In terms of personal preference, for both authors and readers, there is a fair bit of leeway in the answer to the question of how much description is too much in a novel or memoir. However, in terms of craftsmanship the answer to this question is clear. What’s not so clear is how you, as an author, determine whether or not your work meets the criteria for the right amount of description.
Too little
Whether you’re writing a novel or a memoir, some description of scenes and people is required to set the scene. Without some indication of how people and their environment look, the reader has nothing with which to stimulate their imagination, and reading is essentially an imaginative endeavour. We want a book to carry us off into other people’s stories and into the cities, towns, countries, times and even planets, universes and realms in which the story takes place. Description provides a rich texture that stimulates the readers’ imaginations, helping them to immerse themselves in the story.
A story without description feels barren, as if the action happens nowhere or somewhere too vague to imagine. Even if it’s set in a known place like New York, authors shouldn’t assume that all or any of their readers have been to New York, and even if they had, people have different perceptions of the same place. What your point of view character notices when they describe a scene and the words they use to describe it tells the reader a lot about the character, thus deepening the characterisation.
A cheerful person, for instance, is more likely to notice the sunshine than the shadows, but when miserable, that same person would be more likely to dwell on the deep shadows in a room. A teen uses different language to an adult and the words they use indicate not just what they’re seeing, but also how they feel about it. For example, what is a ‘stunning Rueben’s original’ to the adult with the art history background is ‘some kind of old picture’ to the teen more interested in stealing the flat screen TV.
Settings can also be used as symbols for characters, relationships and even plot complications. For example, a woman who keeps repeating the same mistakes, or whose life seems to be going nowhere, looks up at the Ferris wheel in the fair ground and feels like she’s on it. You don’t have to labour the links, just having them there adds to the depth of the writing. The quality of the light in a scene is important too; the way light falls on a character (sharp or soft), the colour (warm or cold), the general atmosphere of the environment (tense or relaxed), and the time of day all make the writing more evocative.
And don’t limit your description to what a character sees, also show what they smell, feel and hear, and even what they taste if it’s relevant.
Too Much
But don’t use descriptions of everything all the way through the book. Keep them to where you’re introducing a new scene or character and even then limit the description to only what is relevant to the story. Readers don’t need or want a full account. If you overload them, you leave nothing to their imagination and you slow the pace of the story. You need to give them enough description so that they can imagine the scene but not so much that they get bogged down in unnecessary detail. Not only does it become tedious but also it slows the pace of the story.
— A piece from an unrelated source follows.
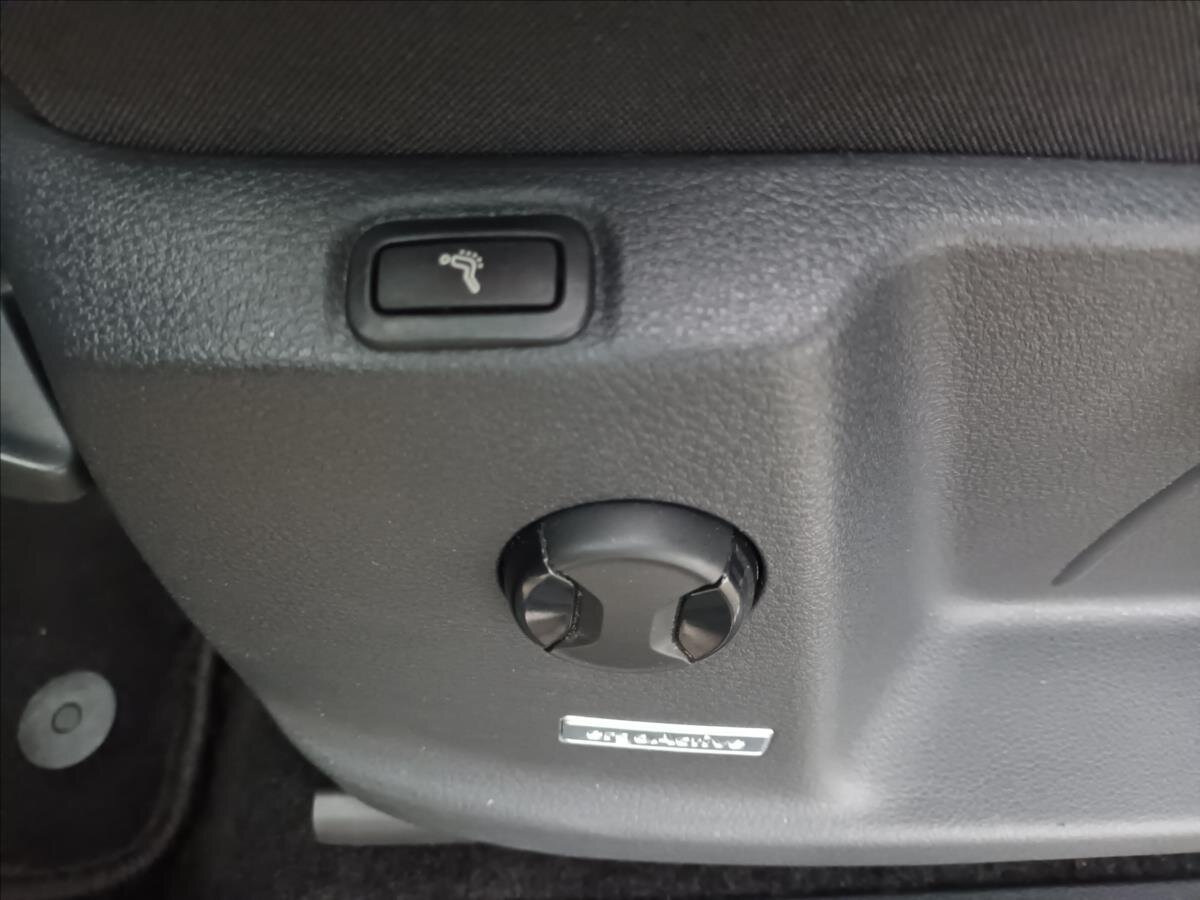 Volkswagen Touran MPV 2,0 l 110 kw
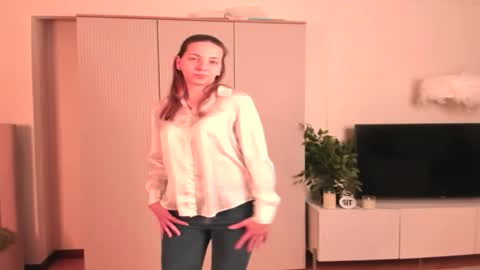 Snapshot of hildegardlerud chatting on November 21, 2025, 7:51 am Tris online show from November 21, 2025, 7:51 am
For instance, the look of someone’s hands maybe important if they indicate something important about the character, like the liege lord with calloused hands—it tells us that he works with his hands, which is unusual for an aristocrat. If, however, I described the hands of everyone, every time a character shook hands, it would soon become tedious.
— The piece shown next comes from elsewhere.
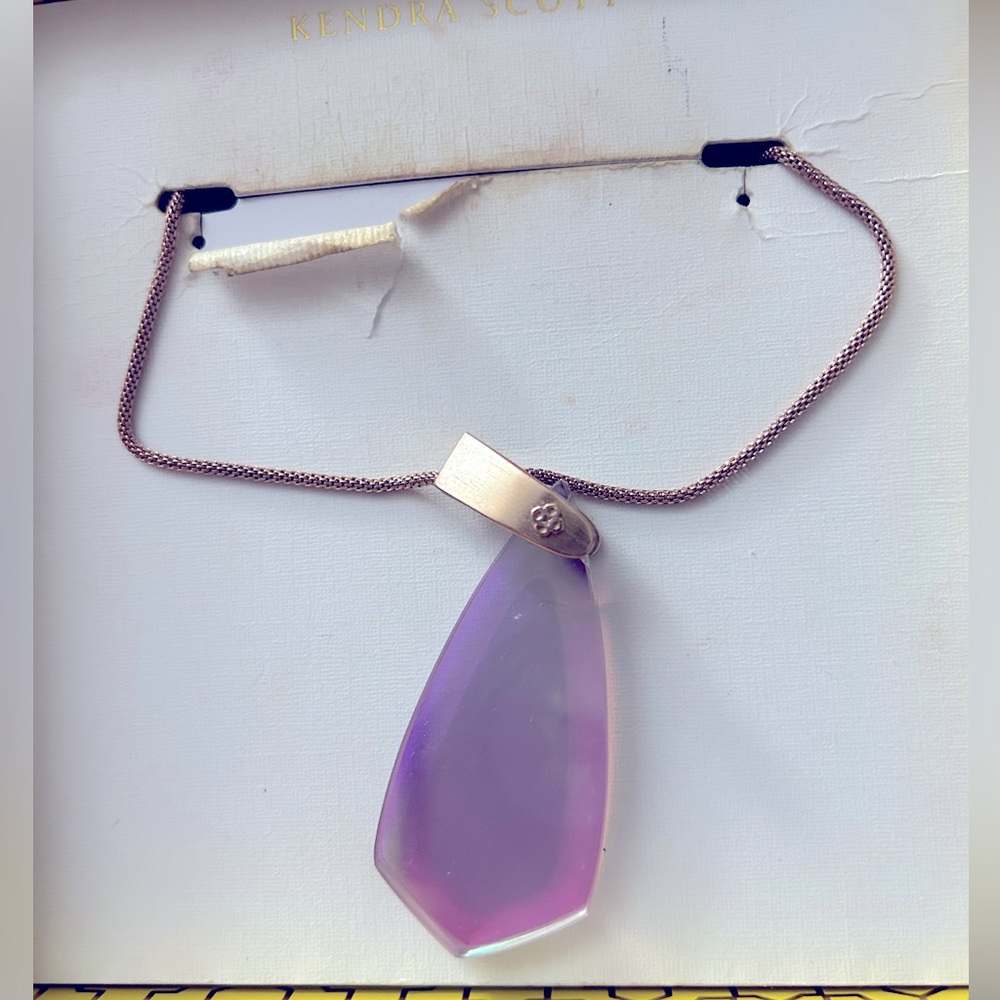 PRICE DROP NWOT Kendra Scott rose gold pinkish/ purple crystal pendant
Just describe the things that are relevant to the characters and the action. The things the point of view character would notice or that are important for the story.
Here is an example of an overwritten description:
She pushed through the creaky gate into a garden of tall shrubs pressed up against the wooden fence on one side and bordered by grass on the other. Terrified of being seen, she dropped onto her hands and knees and scrambled beneath the shrubs. The bark chip mulch pressed painfully into her bare knees and palms, and twigs caught her hair, but she continued crawling until she came to the corner of the fence separating the garden from the party next door, then she pressed her back against the wooden fence and tried to still her heaving chest and convince herself that none of this was real.
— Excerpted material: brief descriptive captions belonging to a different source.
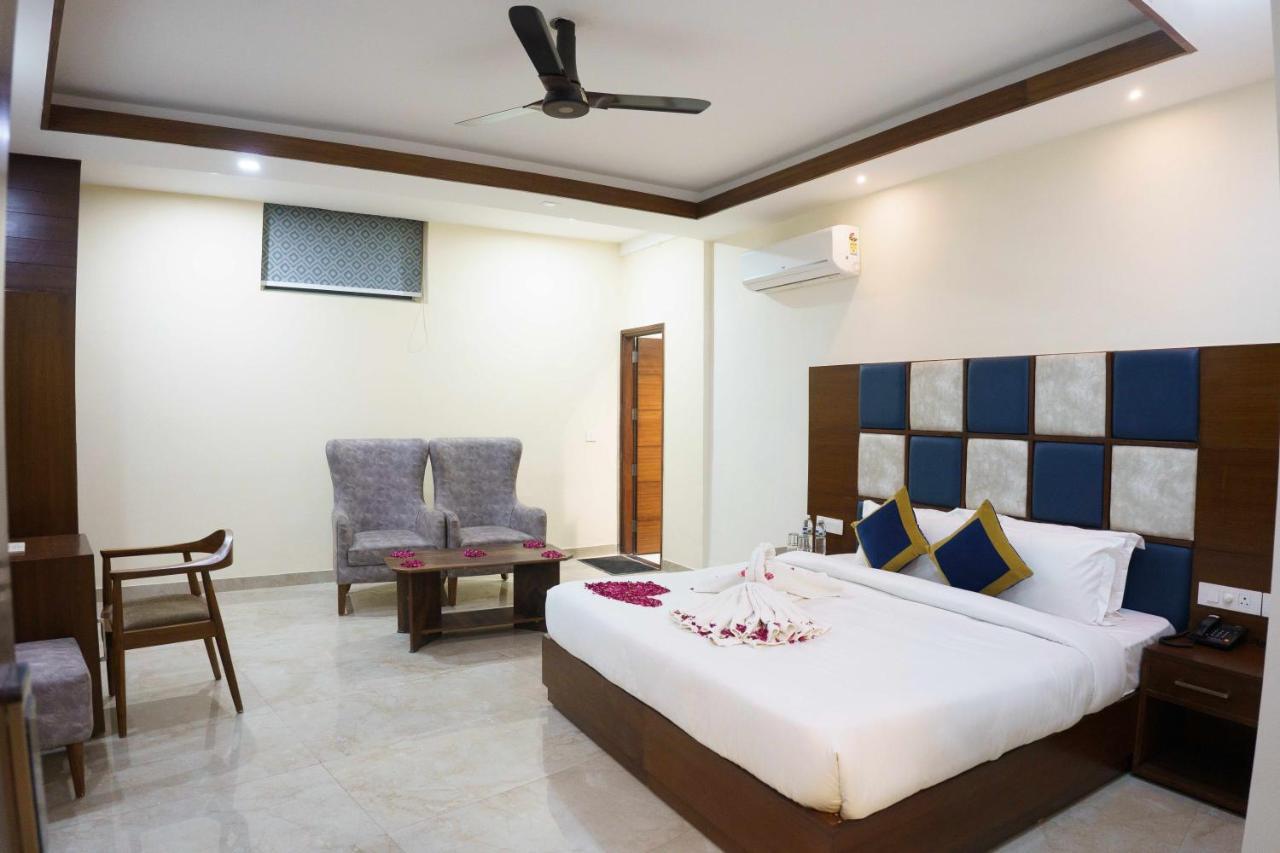 Hotel Vihaan Residency Zirakpur Extérieur photo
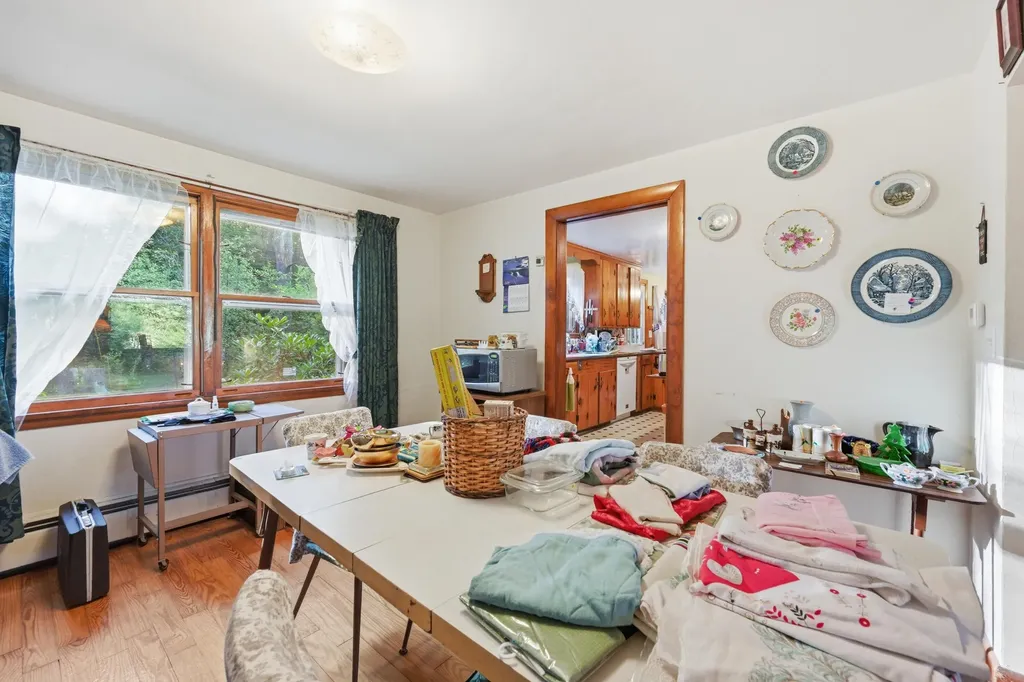 11 Parsons Lane Sanford ME 04083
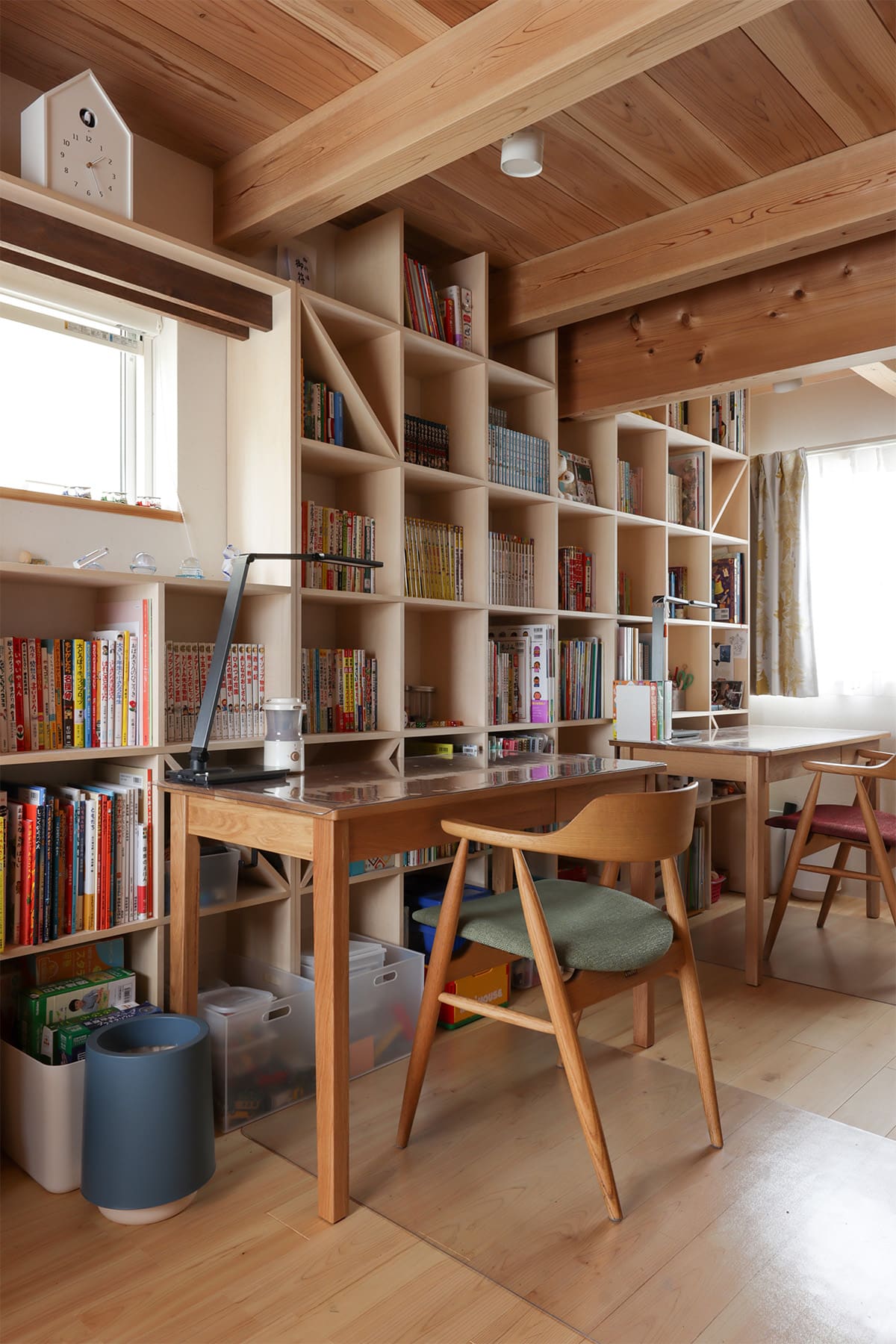 子ども部屋の本棚 - Shelf 壁一面の本棚 奥行250 - マルゲリータお客様事例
What’s wrong with this? It reads quite well by itself, but if it’s in the middle of a scene where the character is running from a pursuer and the reader just wants to know if she escapes or not, then the detail slows down the action. Some authors fall into the trap of writing their whole novel like this, with every action being described in detail, but the effect is not an immersive experience as they probably hoped, but a tedious one—can we just get to the point! Does the reader need to know the details of the garden through which she crawls to get to the fence or just that she got there by crawling through the garden?
What you need to ask is: is how she gets to the place where she rests important in this scene? Or is the important point that she does find somewhere to rest? Is the fact that there is grass on one side, a fence on the other and mulch beneath the shrubs important for the story? Does it matter that her hands and knees are sore and twigs grab her hair? Not in the context of the scene in my book Lethal Inheritance that I used for this example. I did consider writing it this way, until I realised that I needed to keep the story moving, and that the next part of the story where she watches a demon feeding off the people at the party is much more important and really does need a detailed description. Had such a key scene followed a passage written like this, it may have lost its impact in all the words.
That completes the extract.